BRIEF: Drop the pictures; give again exactly the lines from the one holding "Decoraciones para fiesta" through the end of the data.
*** SUPPLIED INFORMATION ***
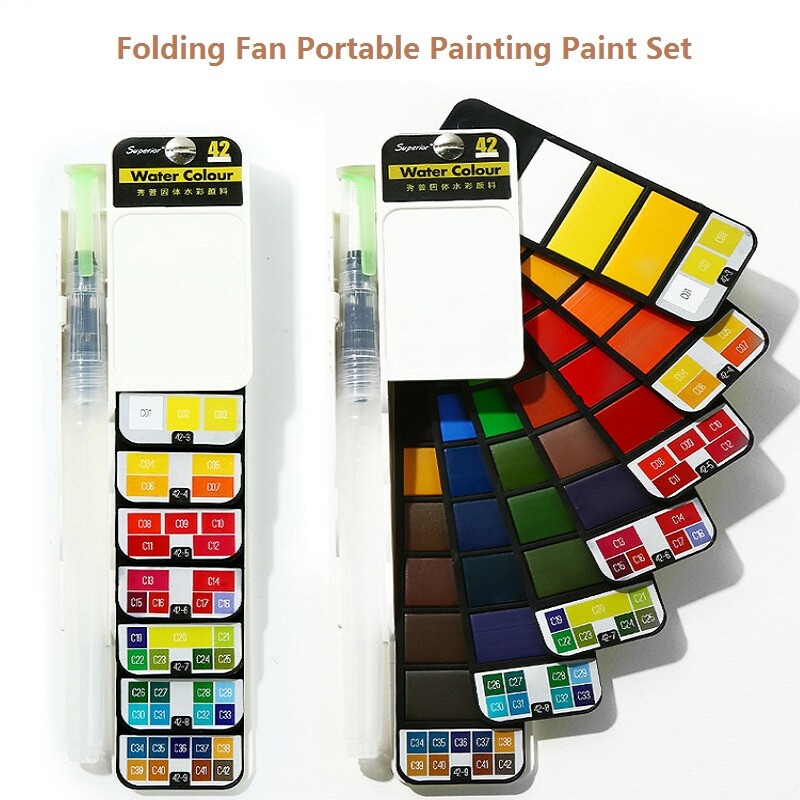 Set de vopsea acuarelă solidă portabil, 18/25/33/42 de culori, Acuarelas, cu stilou cu perie de apă, pliabil, de călătorie, desen de pigment pentru culoarea apei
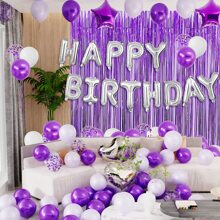 Decoraciones para fiesta de cumpleaños: globos de "feliz cumpleaños", pancarta y cortina de flecos de papel dorado para decoración de fiesta de cumpleaños para hombres y mujeres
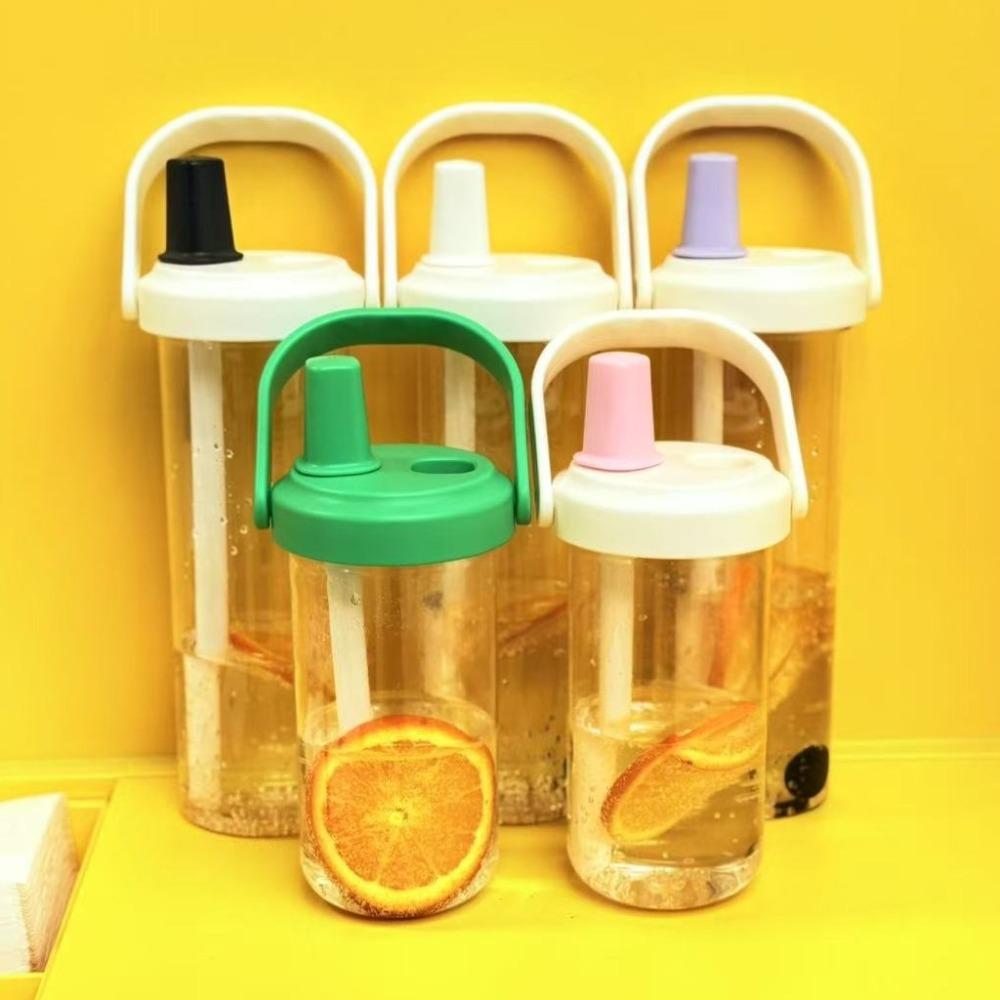 Plastic Pearl Milk Tea Straw Cup Straigh Drinking Drink Cup Portable Water Cup  Student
*** End of SUPPLIED INFORMATION ***
YOUR RESPONSE:
 Decoraciones para fiesta de cumpleaños: globos de "feliz cumpleaños", pancarta y cortina de flecos de papel dorado para decoración de fiesta de cumpleaños para hombres y mujeres
 Plastic Pearl Milk Tea Straw Cup Straigh Drinking Drink Cup Portable Water Cup  Student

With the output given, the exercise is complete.